Problem = Restate each line below word for word, skipping every picture.

Recorded information =
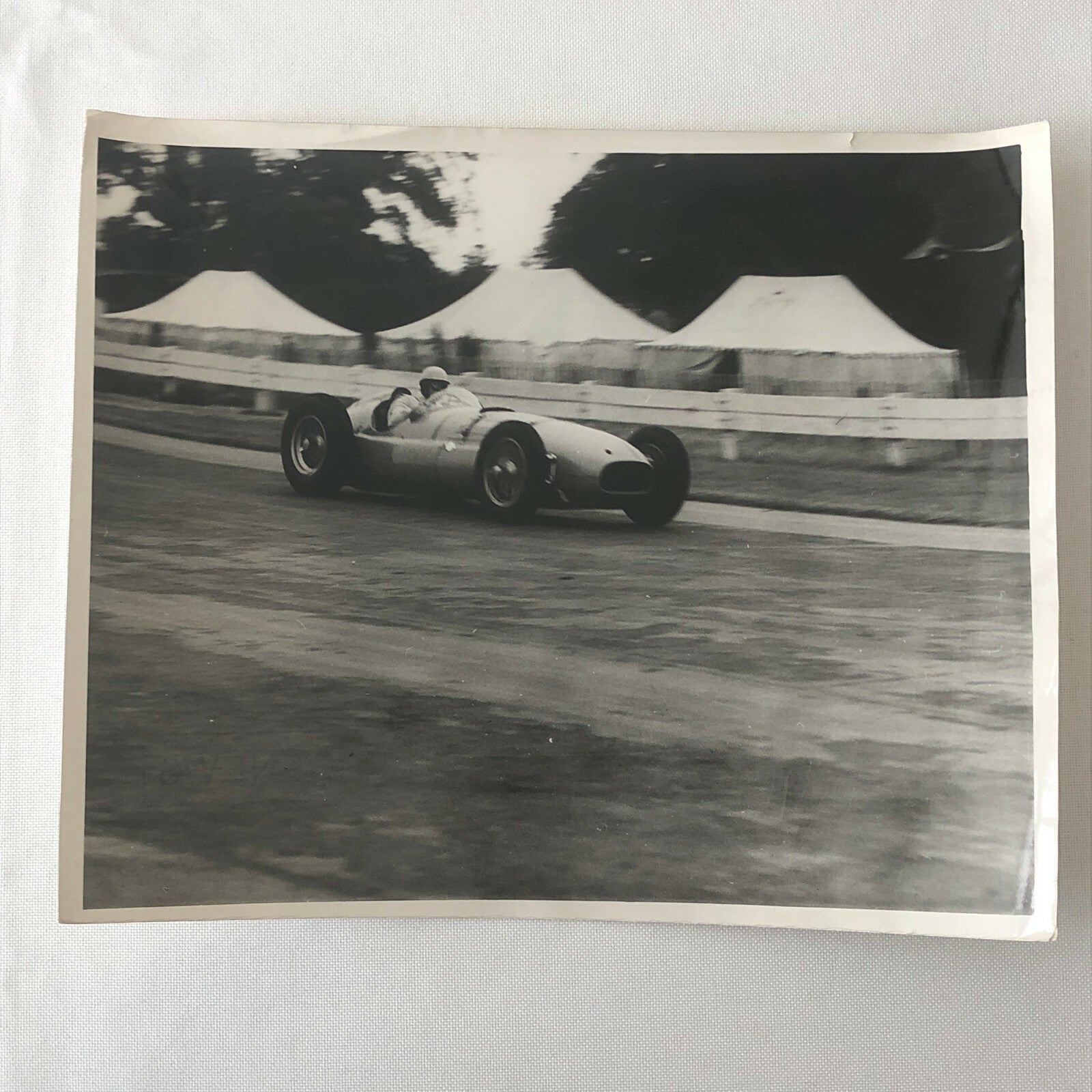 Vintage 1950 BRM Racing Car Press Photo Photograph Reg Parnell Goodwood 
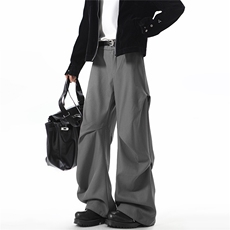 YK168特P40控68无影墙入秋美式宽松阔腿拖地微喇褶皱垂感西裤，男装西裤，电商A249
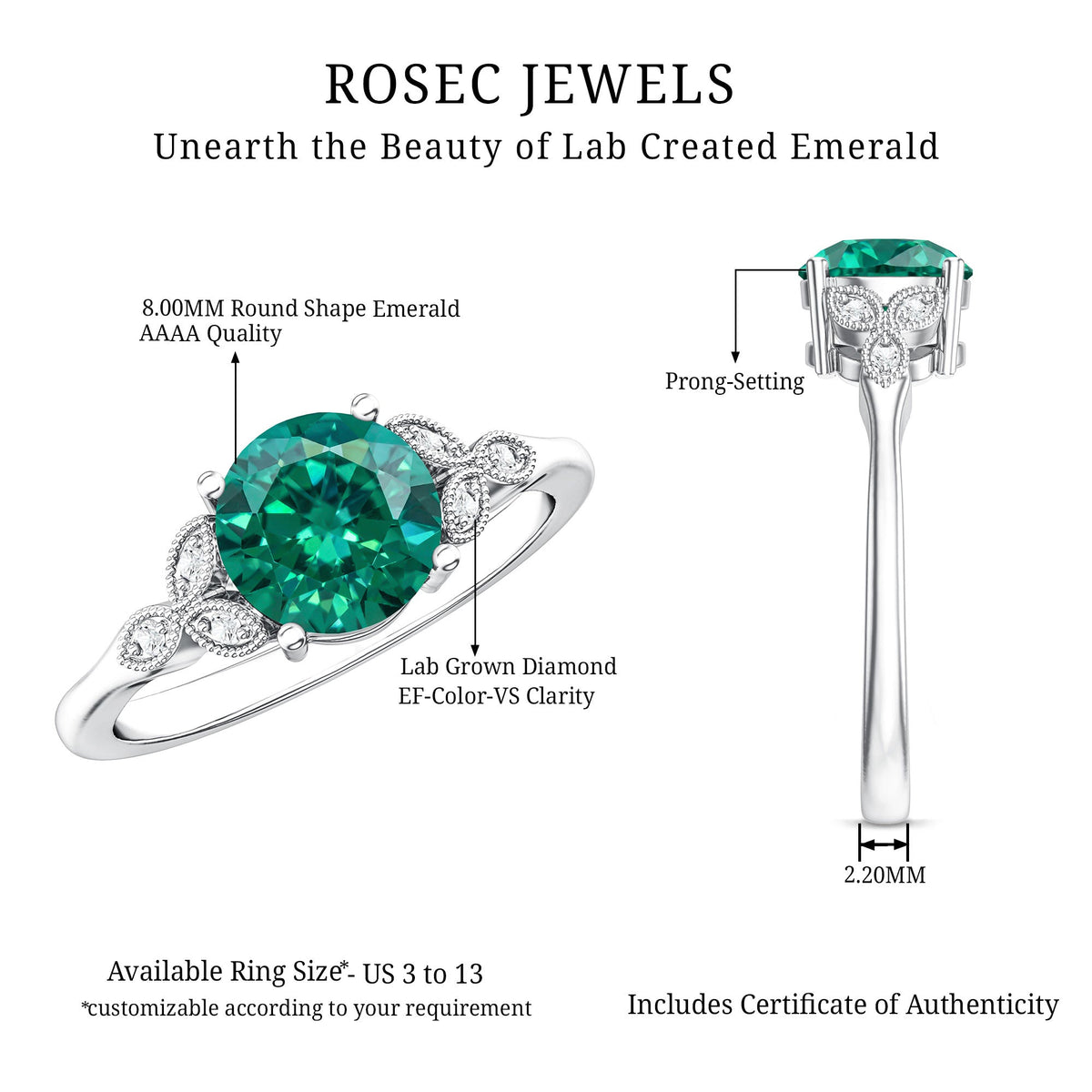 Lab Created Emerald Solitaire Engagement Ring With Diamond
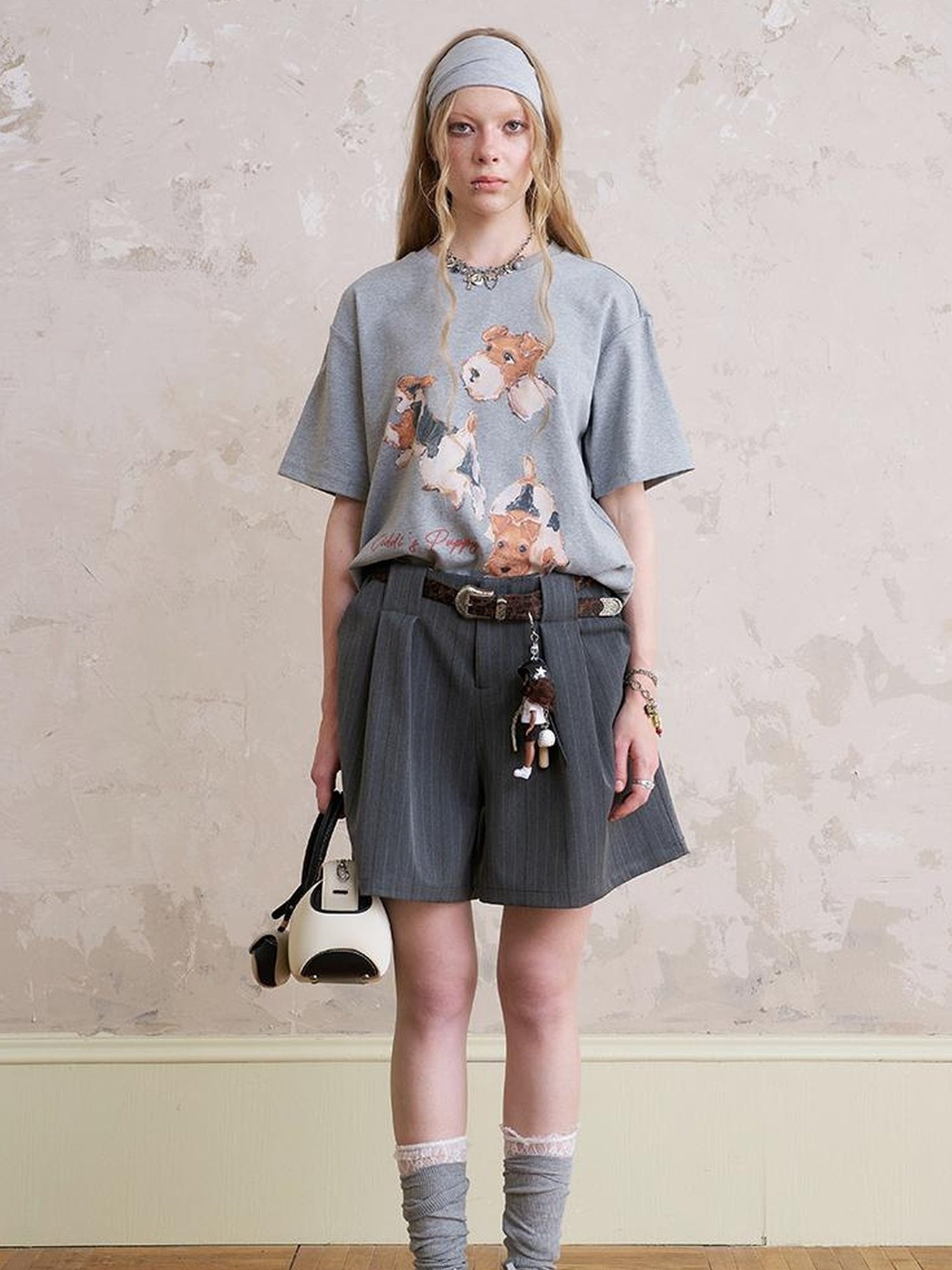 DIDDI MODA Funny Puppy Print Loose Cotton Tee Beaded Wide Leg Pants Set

Answer for this exercise =
 Vintage 1950 BRM Racing Car Press Photo Photograph Reg Parnell Goodwood 
 YK168特P40控68无影墙入秋美式宽松阔腿拖地微喇褶皱垂感西裤，男装西裤，电商A249
 Lab Created Emerald Solitaire Engagement Ring With Diamond
 DIDDI MODA Funny Puppy Print Loose Cotton Tee Beaded Wide Leg Pants Set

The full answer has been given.